Pendant deux ans, Marlène Rabaud a suivi la mobilisation de la Lucha (Lutte pour le changement), mouvement de jeunes Congolais mobilisés pour obtenir des élections libres en République démocratique du Congo. Son film vient d’être sacré meilleur documentaire francophone 2019. Le film Congo Lucha sera rediffusé sur La Une RTBF ce mercredi à 22h50.
« Je suis très touchée. Être lauréate du prix Albert Londres, cela vient consacrer dix ans de réalisation de documentaires au Congo. Des films à forte implication, réalisés avec Arnaud Zatjman, qui ont connu du succès au Congo et ont touché un certain public en Belgique mais qui sont quand même restés assez confidentiels. C’est une reconnaissance de notre travail et de notre persévérance à faire des films dans un contexte difficile.”
Originaire de Rennes et diplômée du Fresnoy section Fictions, la réalisatrice Marlène Rabaud travaille en tandem avec Arnaud Zatjman depuis près de 15 ans.
“On s’est rencontrés au Congo en 2005 et on a commencé à travailler ensemble, en réalisant des reportages pour la RTBF, France 24 et TV5 Monde. On a couvert le Congo et l’Afrique centrale jusqu’en 2010. Suite à notre dernier film, Meurtre à Kinshasa, on a préféré quitter le Congo parce qu’on n’était pas rassurés.

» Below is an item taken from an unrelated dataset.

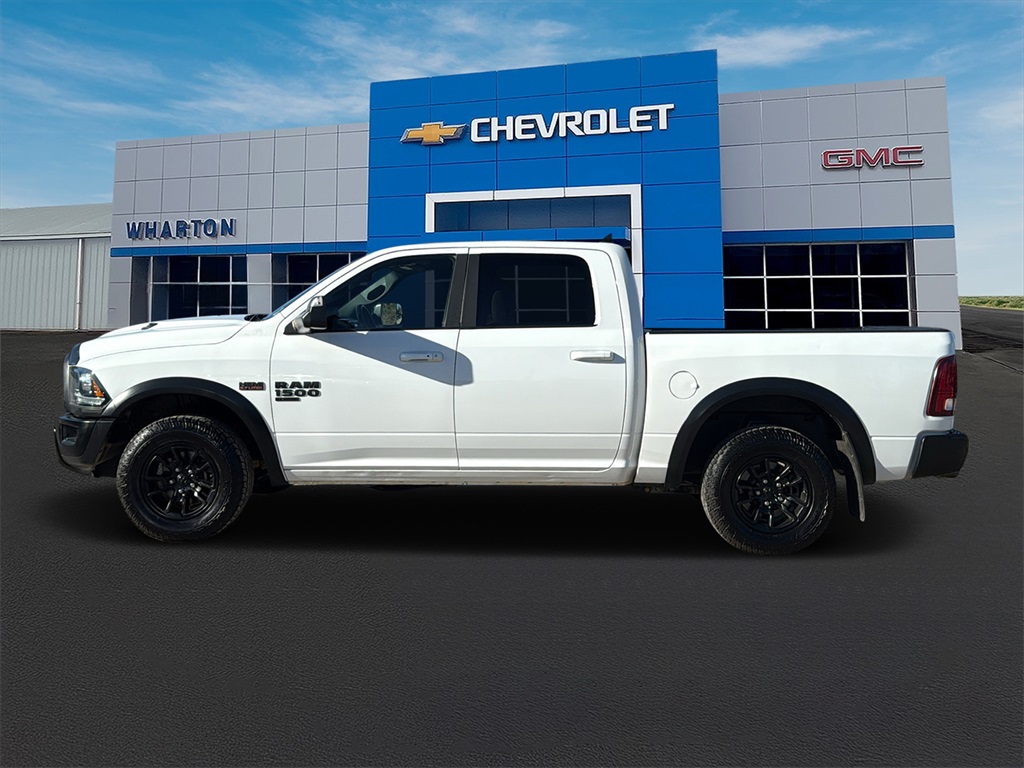 2022 Ram 1500 Classic Warlock White at Wharton Chevrolet GMC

Et c’est là qu’on a monté notre boîte de production à Bruxelles : Esprit libre. On a continué à réaliser des documentaires, depuis la Belgique, mais toujours en Afrique. La coréalisation, ce n’est pas toujours évident même si Arnaud et moi, on est complémentaires : il est journaliste, il a apporté cette expertise depuis le début. Moi, je viens du cinéma avec une approche d’auteur. Congo Lucha, c’est mon premier film réalisé et filmé seule au Congo.”
Sur un sujet politiquement délicat…
Cela m’a tout de suite touchée de voir cette nouvelle génération décidée à ne pas accepter le sort que l’on réservait depuis longtemps au peuple congolais. Pour moi, c’était inédit et je ne voyais pas comment je pouvais passer à côté de ce sujet. Quand j’ai vu la photo de Rebecca derrière les barreaux de sa cellule, emprisonnée pour six mois parce qu’elle demandait le départ de Kabila, j’ai eu un coup de cœur pour cette jeune femme. J’ai décidé de quitter Bruxelles et pris le risque d’aller rencontrer les militants de la Lucha à Goma (Est du Congo, NdlR).
Le fait que vos précédents films soient connus au Congo vous a aidée…
Oui, ils savaient ce que j’avais fait avant et ils m’ont fait confiance. J’ai pu les suivre dans leurs maisons, leurs réunions et leurs actions, je voulais être au plus près des militants pour montrer une génération qui a décidé de dire stop même si elle se sait sacrifiée. Ils sont conscients qu’ils n’arriveront peut-être pas à changer les choses aujourd’hui. Ils agissent pour la génération de leurs enfants.
C’est un de vos précédents films qui vous a permis de rencontrer Luc Nkulula à qui vous rendez hommage dans ce documentaire.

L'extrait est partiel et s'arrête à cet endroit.